First of all, Parsers

type Parser a = String -> [(a,String)]

are functions from String to lists of pairings of result values of type a and the leftover Strings. That leftovers string will be used as input for next parsing step. That's the main thing about it here.

You are asking, in

p >>= f = \inp -> case (parse p inp) of
                       [] -> []
                       [(v,out)] -> parse (f v) out

how the (f v) in [(v,out)] -> parse (f v) out returns a parser which is then applied to out?

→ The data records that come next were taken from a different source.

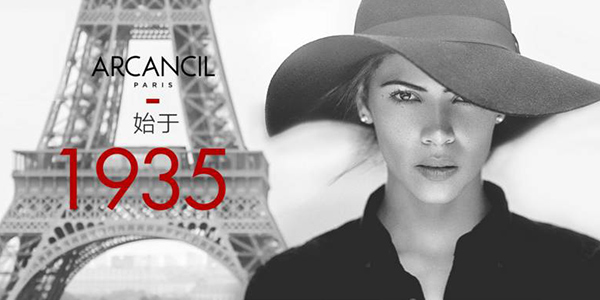 Arcancil凭什么位居老佛爷百货全球销量TOP5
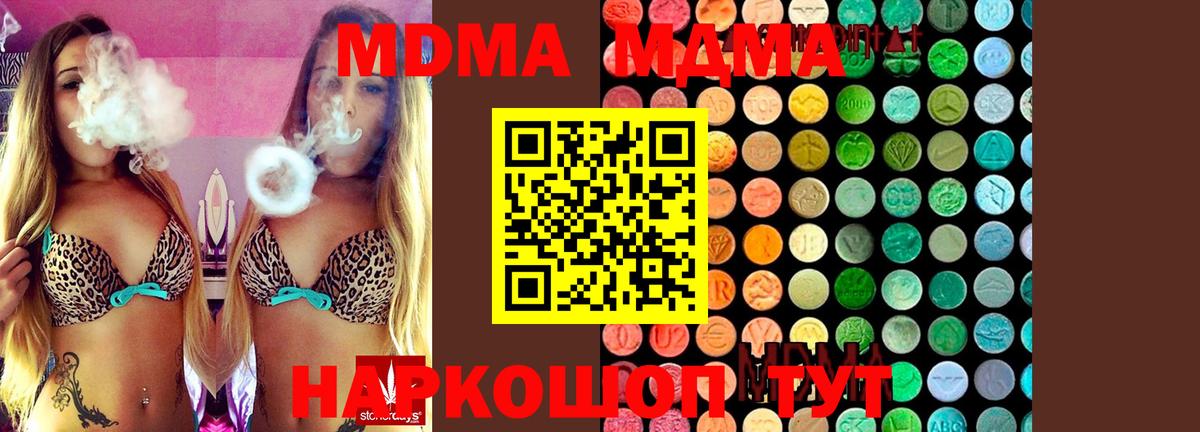 MDMA  МДМА VHQ  Вход с VPN  Белорецк 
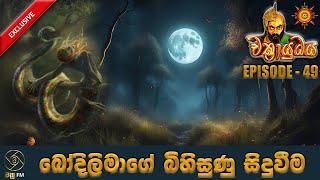 බෝදිලිමාගේ බිහිසුණු සිදුවීම  CHAKRAYUDHAYA 49 [upl. by Acire63]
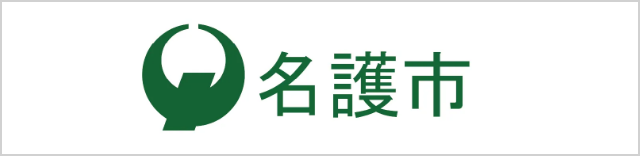 名護市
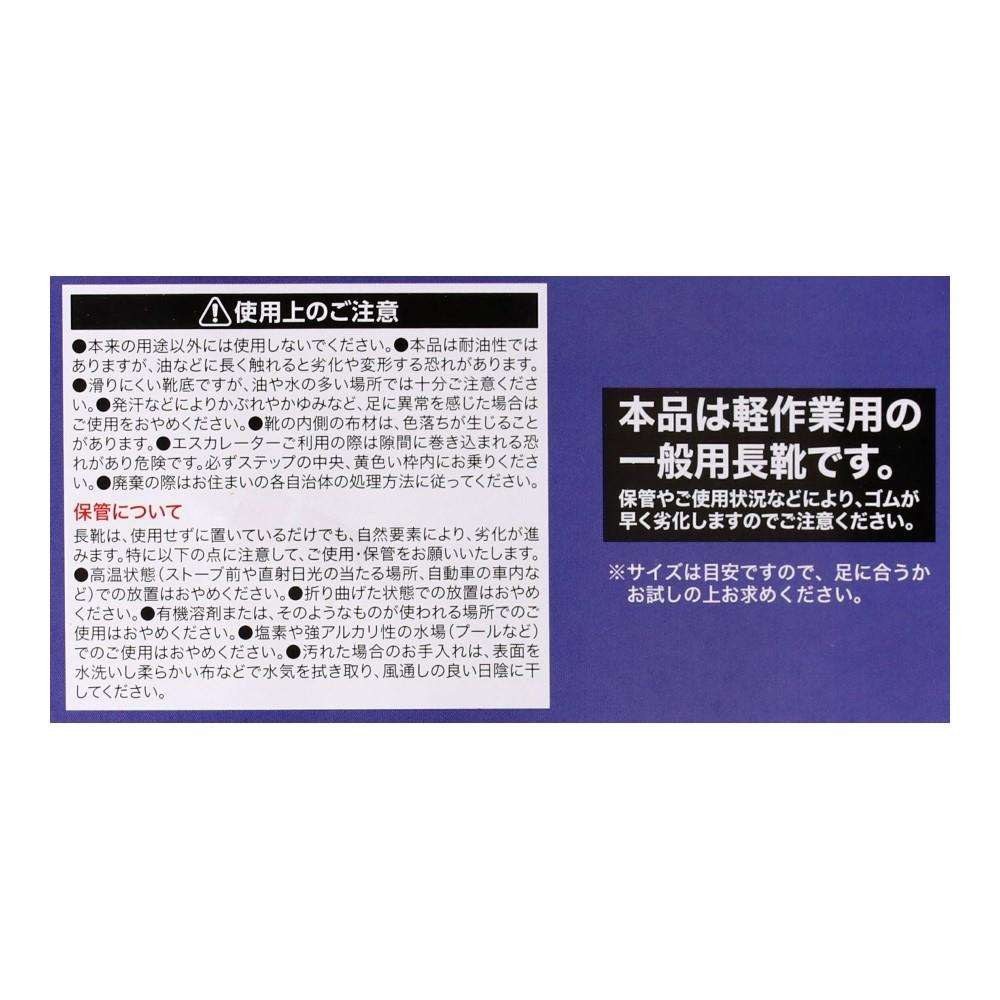 PROACT　耐滑　耐油　ＰＶＣ長靴　ホワイト　２３．５ 23.5cm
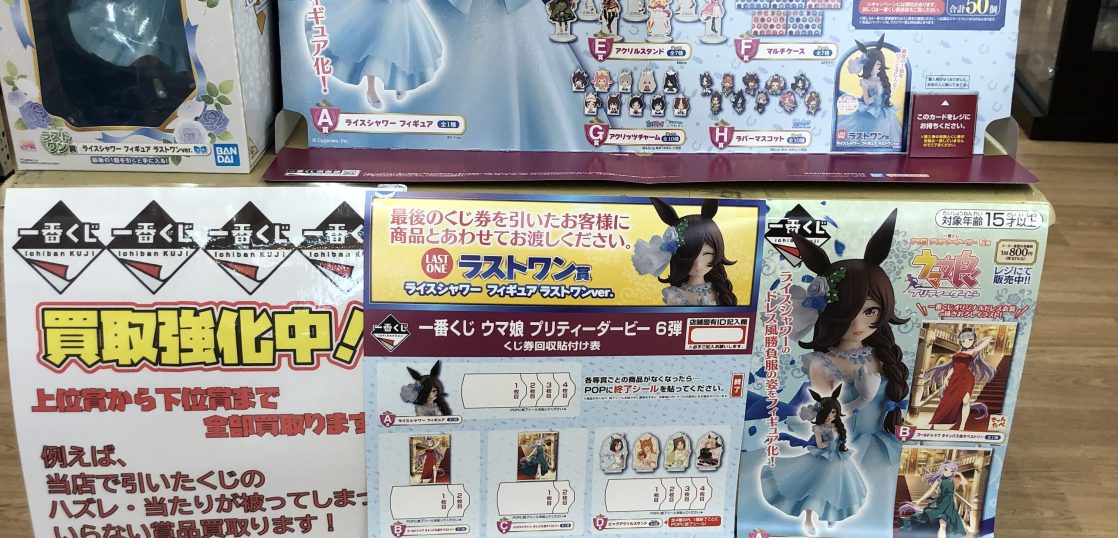 一番くじ【ウマ娘 プリティーダービー】 | トレカ、マンガ、フィギュア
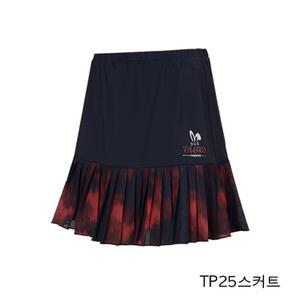 타그로 TP25스커트(여성용)/탁구유니폼/치마바지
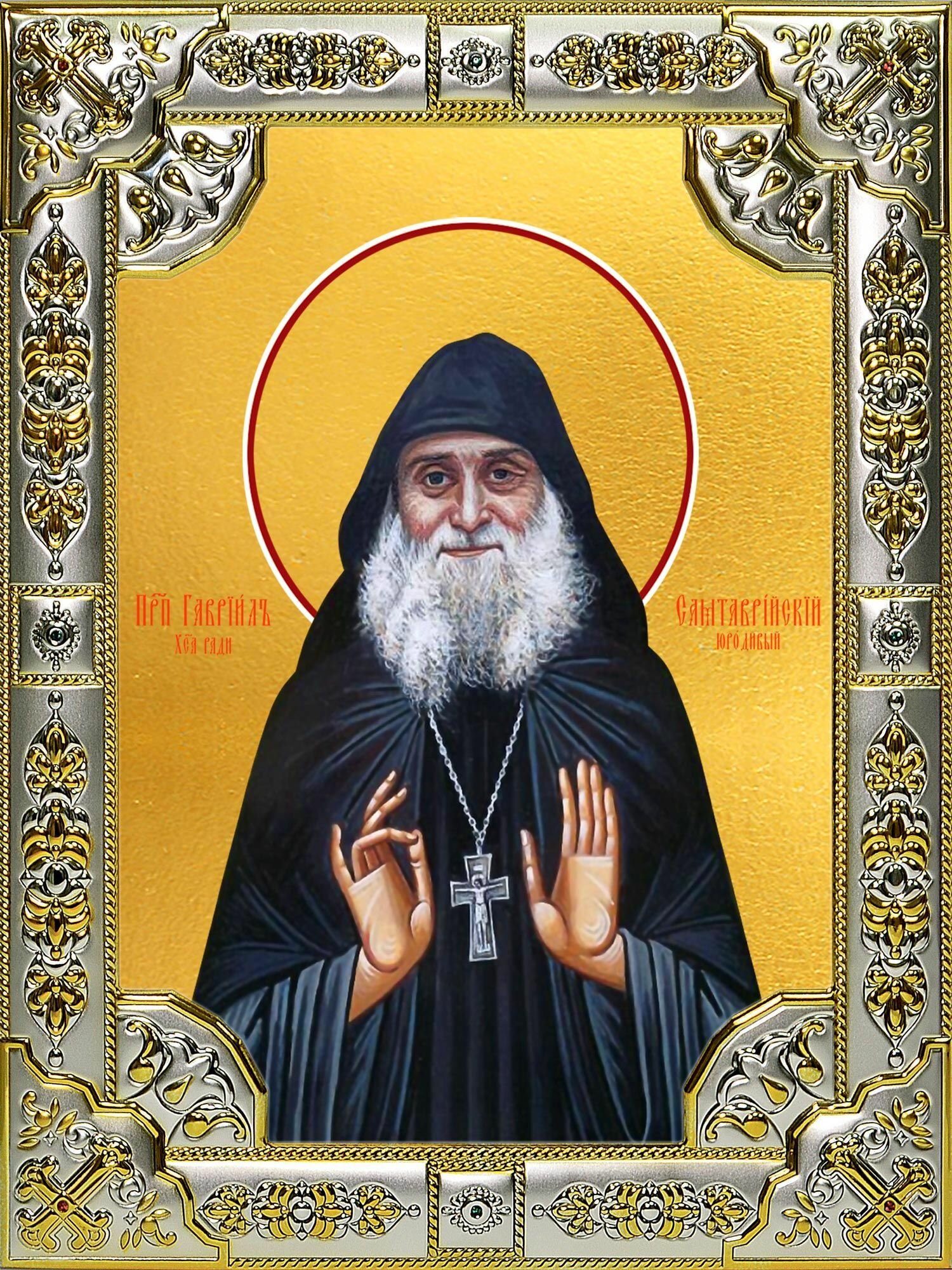 Икона Гавриил Ургебадзе архимандрит, преподобный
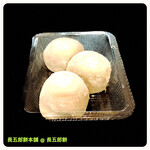 Chougorou Mochi Hompo - 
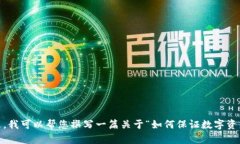 抱歉，我无法提供与Toke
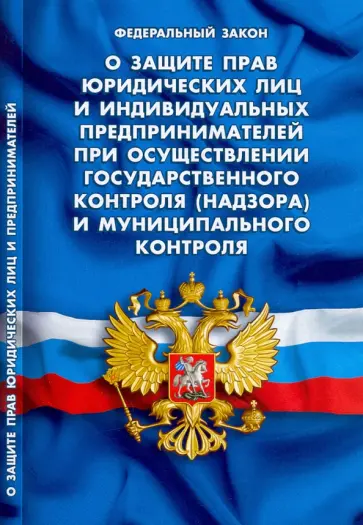 ФЗ О защите прав юридических лиц и ИП при осуществлении государственного и муниципального контроля ФЗ О защите прав юридических лиц и ИП при осуществлении государственного и муниципального контроля обложка книги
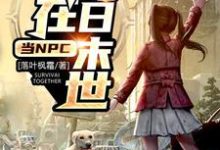 我在明日末世当NPC小说,我在明日末世当NPC在线阅读-乐读文学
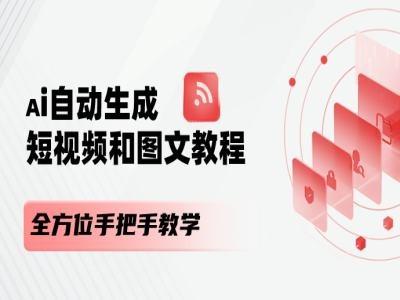 AI自动生成短视频和图文课程,全方位手把手教学-第1张图片-我要自学网 AI自动生成短视频和图文课程,全方位手把手教学-第1张图片-我要自学网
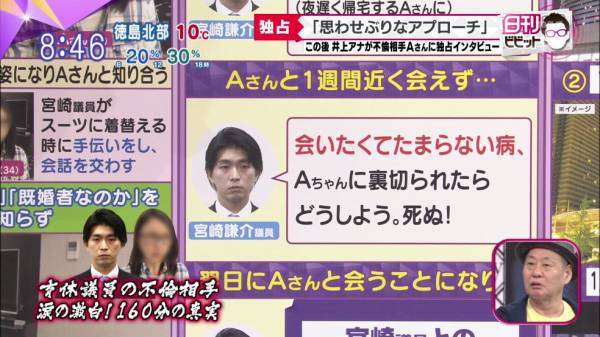 里帰り中に旦那さんに浮気された方いますか?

The answer is, f's type says that it does so:

(>>=) :: Parser a -> (a -> Parser b) -> Parser b    -- or, the equivalent
(>>=) :: Parser a -> (a -> Parser b) -> (String -> [(b,String)])
--       p              f                inp

We have f :: a -> Parser b, so that's just what it does: applied to a value of type a it returns a value of type Parser b. Or equivalently,

f    :: a       -> (String  -> [(b,String)])      -- so that
f (v :: a)      ::  String  -> [(b,String)]       -- and,
f (v :: a) (out ::  String) :: [(b,String)]  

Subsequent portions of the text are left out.